If a service outage is particularly bad, some providers will be proactive and
reach out with credits. This is rare.

In most other cases, the company relies on you to contact them and claim that
they were out of SLA, at which point they'll investigate and give you back a
pittance of what you paid that month.

The claims is normally a fun go-around process of pointing fingers.

See for instance the Amazon EC2 SLA -
[https://aws.amazon.com/compute/sla/](https://aws.amazon.com/compute/sla/). In
order to even begin to claim it, you need to be running in 2 AZs. You must
provide evidence in a ticket. Your service credit will be either 10% (99.0 -
99.9) or 30% (< 99.0). Whether you were down for 1 day or 14 days, it's the
same SLA credit. The credit is applied to future service, may be applied as a
refund to the current bill at their discretion.

------
debacle
Angry phone calls. Someone threatening to sue. No one actually suing. Someone
getting something for free.

------
geoah
Paying customers usually get back credits from slack after downtime, I have a
recollection that free accounts also got something at some point.

* Slack refunds customers 100x amount paid during outage - [https://news.ycombinator.com/item?id=16487812](https://news.ycombinator.com/item?id=16487812)

* [https://get.slack.help/hc/en-us/articles/204113126-Service-L...](https://get.slack.help/hc/en-us/articles/204113126-Service-Level-Agreements-SLA-)

------
sigi45
In one project company x had to pay an avg calculated loss to company y. Both
did business in a joint venture. 5 figures per hour.
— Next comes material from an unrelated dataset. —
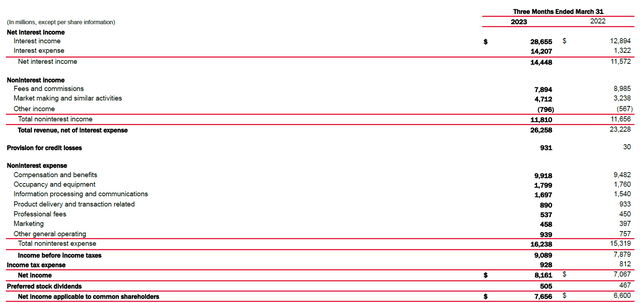 Income Statement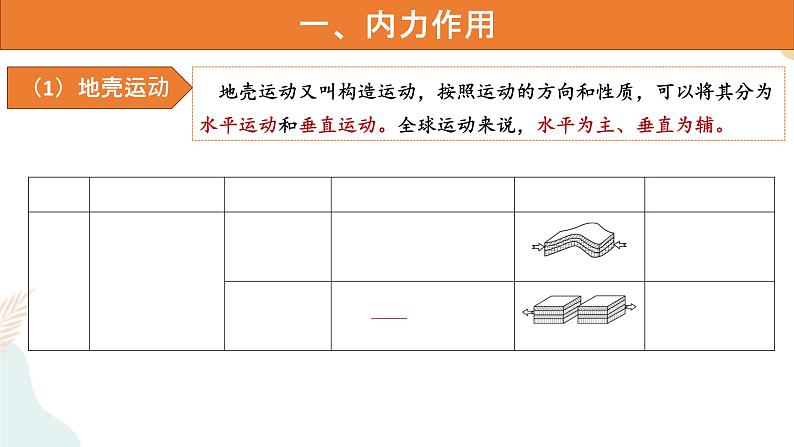 2.1塑造地表形态的力量 课件08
In our SLA in another company it was written in every big contract because
customer companies where asking for it.

Some specific SLA meant oncall duty. Something like this cost money and affect
the monthly support and operations price.

------
InternetOfStuff
> already approaching 30 minutes

I've been having connection trouble essentially all day.

As far as I can tell this has been going on for hours.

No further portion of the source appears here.